NFS (Network File System) is a protocol that allows one Linux or Unix system to "mount" a file system that consists of collection of files and directories that are stored on a different system.
The NFS protocol is designed to allow fast access to files over a local area network. It supports the full range of Linux / Unix file system functionality, and allows different systems to simultaneously access and update shared files and directories.
An NFS file system is "exported" by a server to one or more client machines. The clients gain access by "mounting" the NFS file system within the namespace of the client's local file system.
In the QRIScloud context, it is possible to NFS mount a QRIScloud collection on a NeCTAR (or other) VM running in QRIScloud availability zone. The steps are as follows:
- The collection manager requests QRIScloud support to make the collection NFS-Only. This has significant implications for the way that a collection can be accessed, and we will only do this if we are sure that you and the manager understand this; see below "What does NFS-Only access mean?".

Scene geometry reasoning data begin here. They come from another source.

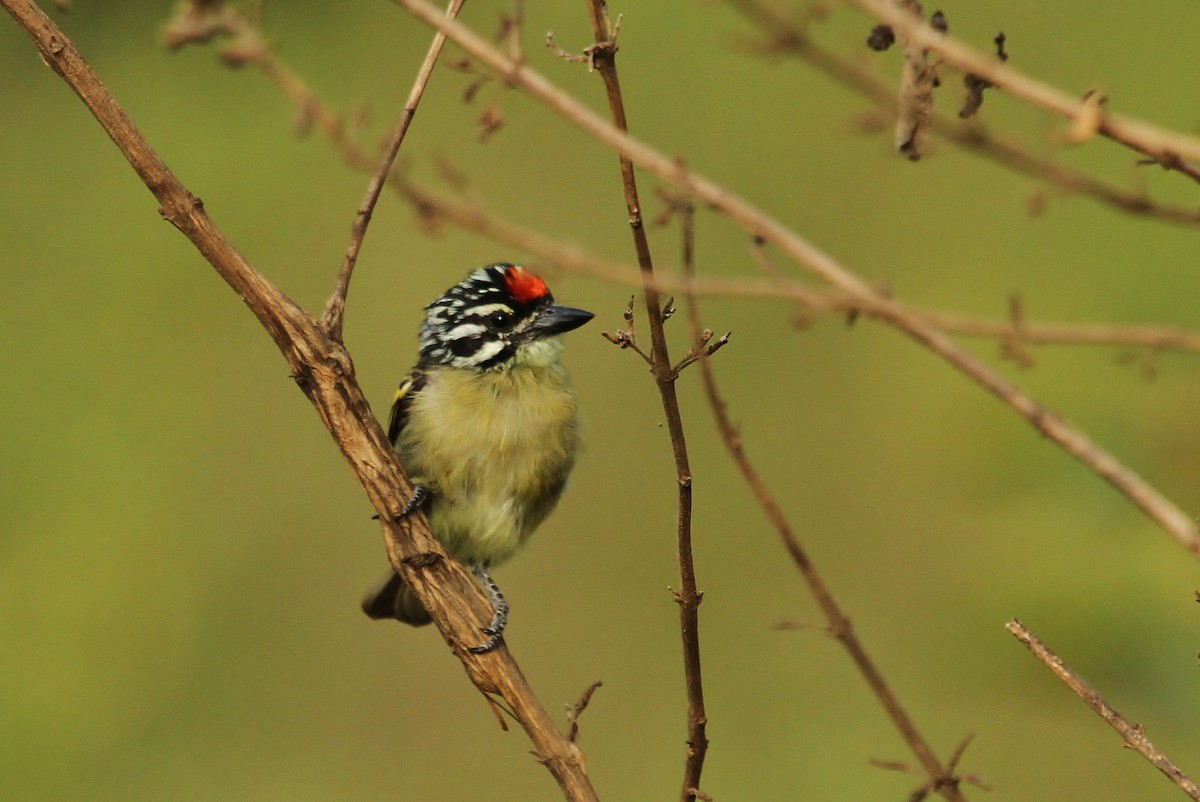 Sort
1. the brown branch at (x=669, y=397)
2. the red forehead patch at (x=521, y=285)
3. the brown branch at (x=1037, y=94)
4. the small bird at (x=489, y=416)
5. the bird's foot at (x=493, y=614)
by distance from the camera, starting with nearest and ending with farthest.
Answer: the brown branch at (x=1037, y=94)
the brown branch at (x=669, y=397)
the bird's foot at (x=493, y=614)
the small bird at (x=489, y=416)
the red forehead patch at (x=521, y=285)

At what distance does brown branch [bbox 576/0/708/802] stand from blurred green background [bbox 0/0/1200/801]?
2.68 meters

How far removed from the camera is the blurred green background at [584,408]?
5.90 m

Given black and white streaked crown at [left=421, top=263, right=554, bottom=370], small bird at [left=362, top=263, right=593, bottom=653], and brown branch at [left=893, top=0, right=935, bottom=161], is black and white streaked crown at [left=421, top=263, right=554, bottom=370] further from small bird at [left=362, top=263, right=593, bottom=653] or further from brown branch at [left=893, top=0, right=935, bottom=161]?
brown branch at [left=893, top=0, right=935, bottom=161]

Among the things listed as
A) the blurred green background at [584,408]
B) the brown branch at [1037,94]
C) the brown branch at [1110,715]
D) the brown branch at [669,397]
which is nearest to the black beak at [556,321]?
the blurred green background at [584,408]

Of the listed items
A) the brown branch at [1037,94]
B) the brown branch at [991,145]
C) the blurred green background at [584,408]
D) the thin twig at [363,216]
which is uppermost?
the blurred green background at [584,408]

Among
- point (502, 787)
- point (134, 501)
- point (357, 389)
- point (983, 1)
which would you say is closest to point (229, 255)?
point (357, 389)

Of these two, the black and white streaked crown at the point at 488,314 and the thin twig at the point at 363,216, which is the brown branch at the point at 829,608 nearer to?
the thin twig at the point at 363,216

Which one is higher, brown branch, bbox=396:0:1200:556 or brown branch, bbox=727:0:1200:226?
brown branch, bbox=727:0:1200:226

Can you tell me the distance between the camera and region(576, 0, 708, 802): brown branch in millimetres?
1729

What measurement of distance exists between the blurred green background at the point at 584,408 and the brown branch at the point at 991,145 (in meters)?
3.37

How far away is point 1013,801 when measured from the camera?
527 centimetres

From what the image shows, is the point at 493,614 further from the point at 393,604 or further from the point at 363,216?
the point at 393,604

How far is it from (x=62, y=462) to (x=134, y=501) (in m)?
0.44

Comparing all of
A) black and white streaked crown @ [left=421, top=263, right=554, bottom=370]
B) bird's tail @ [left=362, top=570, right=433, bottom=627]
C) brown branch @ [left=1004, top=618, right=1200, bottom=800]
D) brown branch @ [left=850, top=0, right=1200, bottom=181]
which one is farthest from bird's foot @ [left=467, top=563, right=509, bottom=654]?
brown branch @ [left=850, top=0, right=1200, bottom=181] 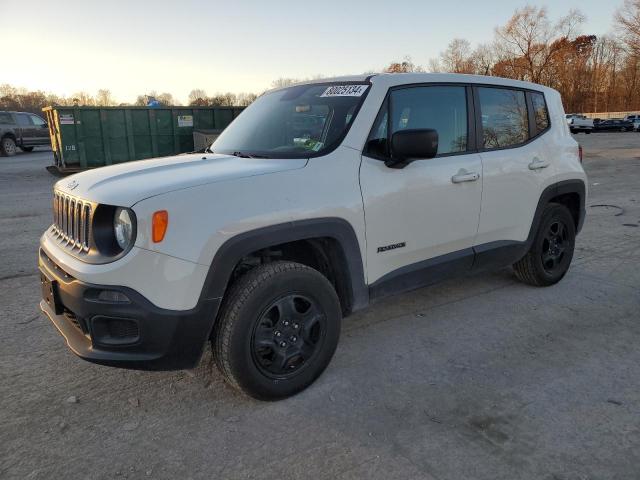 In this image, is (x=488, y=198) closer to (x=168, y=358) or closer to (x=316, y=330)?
(x=316, y=330)

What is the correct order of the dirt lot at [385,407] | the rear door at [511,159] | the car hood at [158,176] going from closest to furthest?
the dirt lot at [385,407] < the car hood at [158,176] < the rear door at [511,159]

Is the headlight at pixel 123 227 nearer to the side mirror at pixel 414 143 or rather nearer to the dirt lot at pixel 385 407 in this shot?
the dirt lot at pixel 385 407

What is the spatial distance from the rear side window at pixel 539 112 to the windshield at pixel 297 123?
1.94m

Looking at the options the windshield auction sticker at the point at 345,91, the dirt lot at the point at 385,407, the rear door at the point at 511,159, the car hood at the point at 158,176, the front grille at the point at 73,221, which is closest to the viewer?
the dirt lot at the point at 385,407

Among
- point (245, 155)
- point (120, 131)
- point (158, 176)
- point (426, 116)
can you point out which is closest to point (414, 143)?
point (426, 116)

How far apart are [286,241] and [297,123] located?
1.06 meters

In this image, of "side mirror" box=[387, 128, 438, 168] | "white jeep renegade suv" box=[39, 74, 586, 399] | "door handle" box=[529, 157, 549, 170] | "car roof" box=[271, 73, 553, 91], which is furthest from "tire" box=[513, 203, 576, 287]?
"side mirror" box=[387, 128, 438, 168]

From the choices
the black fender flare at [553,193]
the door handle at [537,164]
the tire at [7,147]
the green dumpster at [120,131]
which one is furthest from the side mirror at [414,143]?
the tire at [7,147]

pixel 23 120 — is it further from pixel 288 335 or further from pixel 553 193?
pixel 288 335

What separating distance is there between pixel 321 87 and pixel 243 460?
2.53m

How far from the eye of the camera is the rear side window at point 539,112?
4.44 m

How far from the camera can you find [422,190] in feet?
11.1

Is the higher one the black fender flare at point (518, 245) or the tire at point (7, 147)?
the black fender flare at point (518, 245)

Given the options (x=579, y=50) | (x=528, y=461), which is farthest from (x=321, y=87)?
(x=579, y=50) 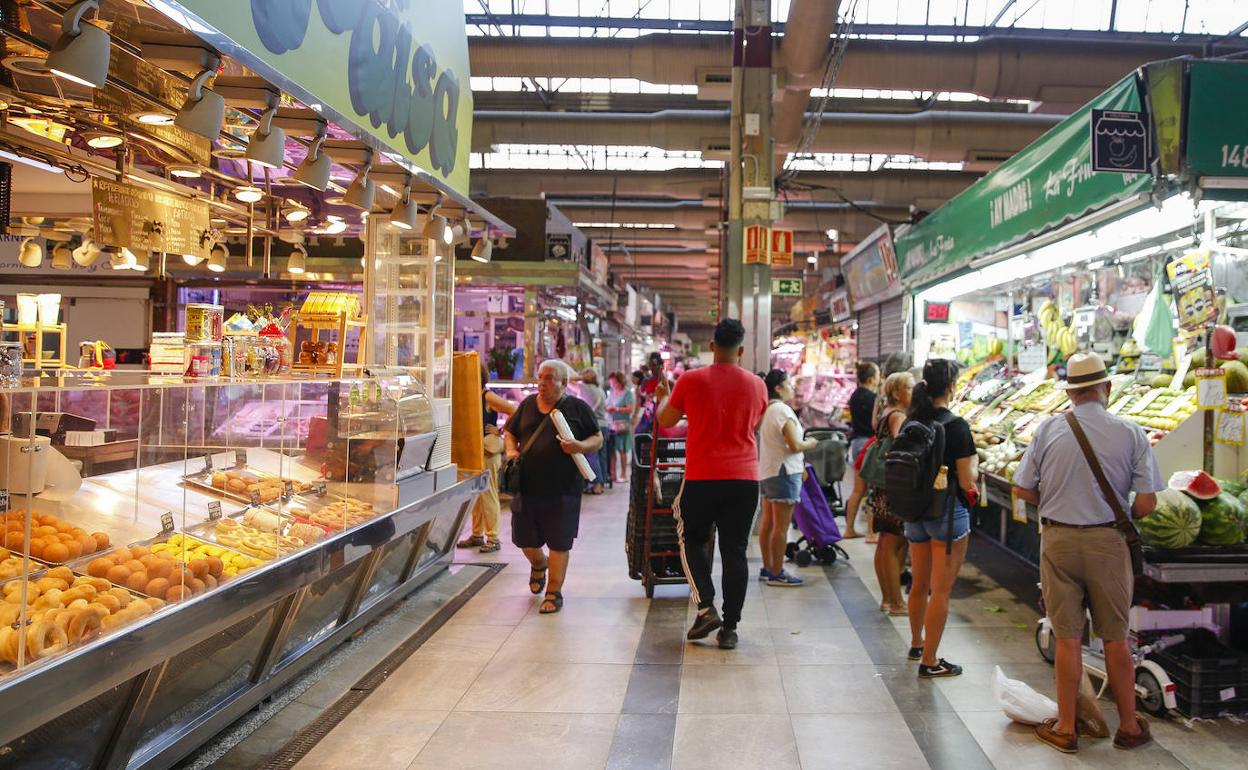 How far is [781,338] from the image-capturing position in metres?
35.3

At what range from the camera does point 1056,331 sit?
8.07 m

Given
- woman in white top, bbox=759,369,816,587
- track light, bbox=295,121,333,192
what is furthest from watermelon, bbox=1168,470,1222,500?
track light, bbox=295,121,333,192

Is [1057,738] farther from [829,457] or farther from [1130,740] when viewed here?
[829,457]

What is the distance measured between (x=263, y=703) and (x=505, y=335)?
8.56 m

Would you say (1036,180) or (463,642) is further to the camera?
(1036,180)

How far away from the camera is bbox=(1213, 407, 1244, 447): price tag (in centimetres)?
487

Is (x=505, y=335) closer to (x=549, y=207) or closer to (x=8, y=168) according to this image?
(x=549, y=207)

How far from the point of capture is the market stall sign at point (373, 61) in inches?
153

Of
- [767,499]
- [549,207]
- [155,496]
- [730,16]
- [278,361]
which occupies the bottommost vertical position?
[767,499]

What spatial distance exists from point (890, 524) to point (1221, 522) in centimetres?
195

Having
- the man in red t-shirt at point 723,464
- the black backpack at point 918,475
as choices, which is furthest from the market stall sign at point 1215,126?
the man in red t-shirt at point 723,464

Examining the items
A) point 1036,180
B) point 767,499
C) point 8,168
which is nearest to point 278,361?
point 8,168

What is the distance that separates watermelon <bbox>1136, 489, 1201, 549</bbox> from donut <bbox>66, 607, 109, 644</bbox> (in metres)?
4.48

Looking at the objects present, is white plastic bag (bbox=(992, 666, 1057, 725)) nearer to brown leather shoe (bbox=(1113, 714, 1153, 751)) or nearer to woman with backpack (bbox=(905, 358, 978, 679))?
brown leather shoe (bbox=(1113, 714, 1153, 751))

- The collection manager requests QRIScloud support to enable NFS export of the collection to the relevant NeCTAR project or projects.
- You install NFS client software on the NeCTAR instance in the project.
- You configure the instance's second ethernet interface ("eth1") on the storage network.
- You create the configuration files to mount the NFS file system, and check that the file system mounts correctly.
Once the NFS mounts have been set up, your applications can access the files and directories exactly the same way that your would access local files and directories.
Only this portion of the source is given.